Michael Flores: Love Is In His Rock & Roll Bones
Each Wednesday, Rocks Off arbitrarily appoints one lucky local performer or group "Artist of the Week," bestowing upon them all the fame and grandeur such a lofty title implies. Know a band or artist that isn't awful? Email their particulars to firstname.lastname@example.org.
Ladies, meet Michael Flores. Gentlemen, say goodbye to your ladies.
Flores is a rock and roller with a murky past, a turbulent present and a promising future, all of which he writes about with a subtle confidence and an endearing humility.
What's more, Flores operates in both the English and Spanish, and that is absolutely extra credit here in Houston.
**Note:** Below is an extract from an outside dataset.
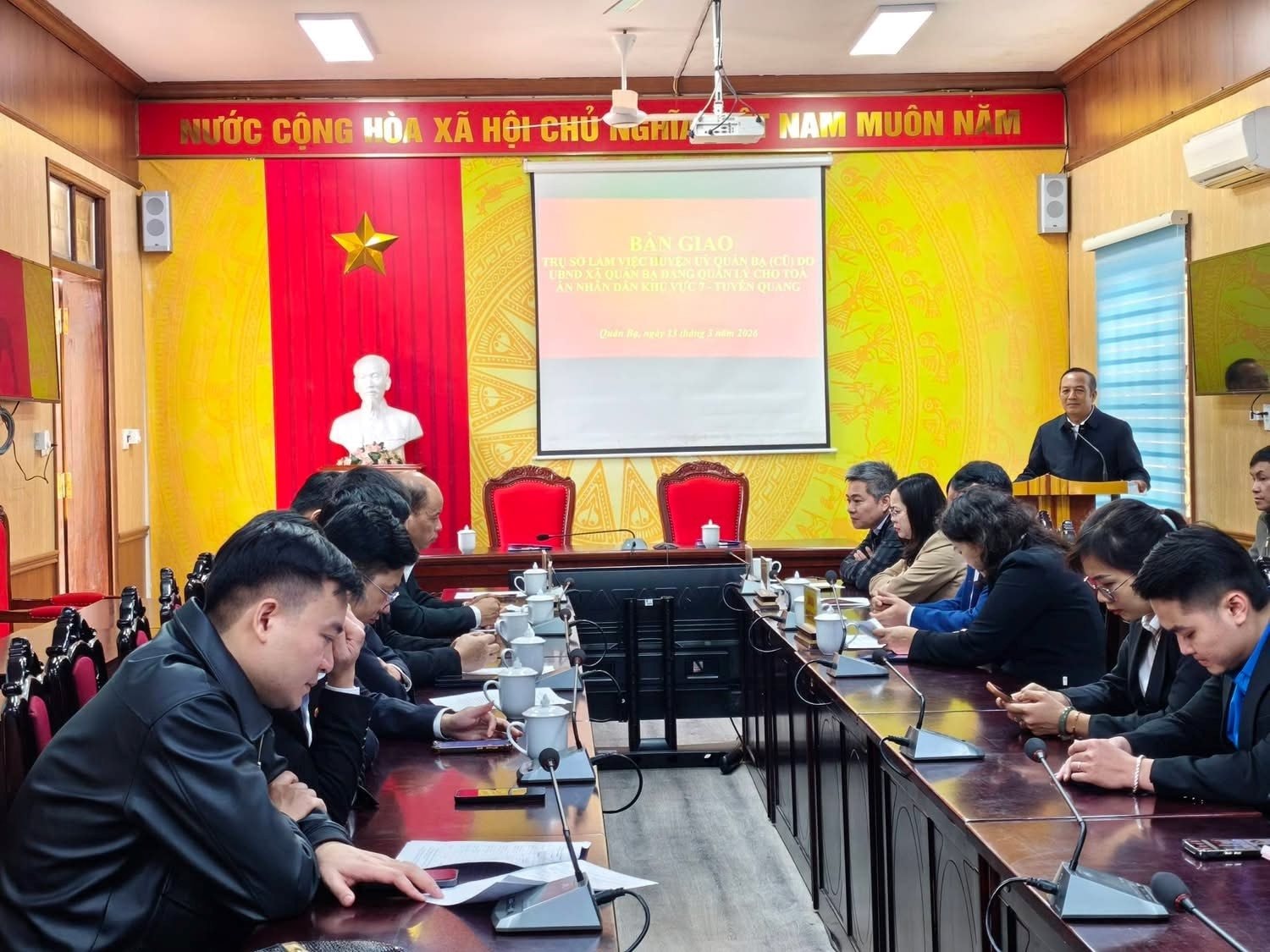 ban-giao-nha(1).jpg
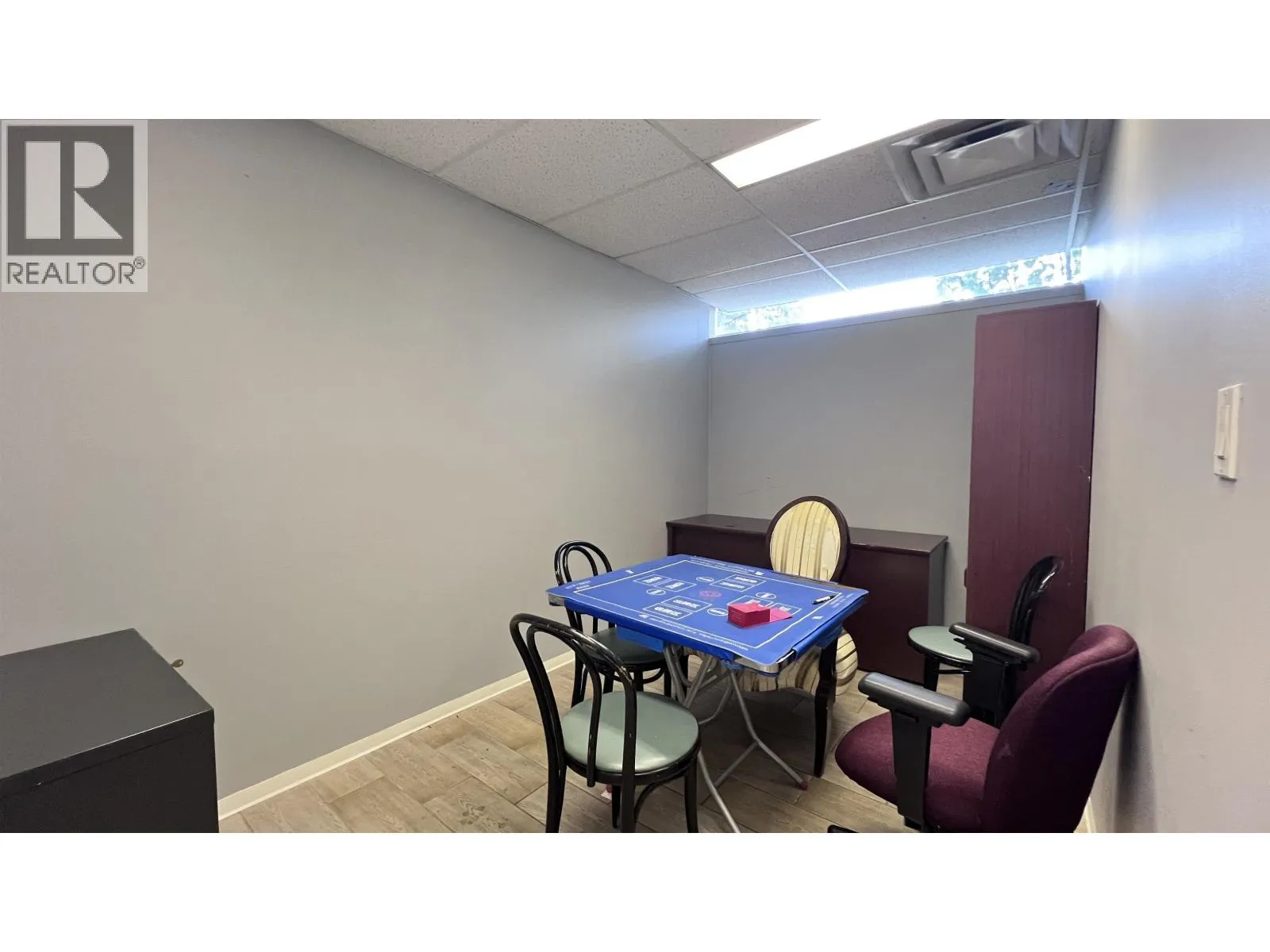 2220 8260 WESTMINSTER HIGHWAY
So we reached out to him to talk about tigers, facial hair and the city's lackluster roll call of prominent Latino musicians.
Rocks Off: First, tell us everything we need to know about Michael Flores in exactly six words.
Michael Flores: In exactly six words? I can do this in five words: Love is in the bones.
RO: Your song "Anything For Love," how accurate is that? Would you really do anything for love? Would you:
Eat a yardstick? Wrestle a small tiger? Wrestle a mid-sized tiger? Wrestle a full grown tiger? Watch Tyler Perry's Meet the Browns? Drink Mason Verger's bath water?
MF: "Anything For Love," oddly enough, was written at a time when I couldn't actually be with that one person you want and somehow can't have --isn't that how it is sometimes? Sometimes, being in love with someone who's in love with someone else can be more enticing than just having someone.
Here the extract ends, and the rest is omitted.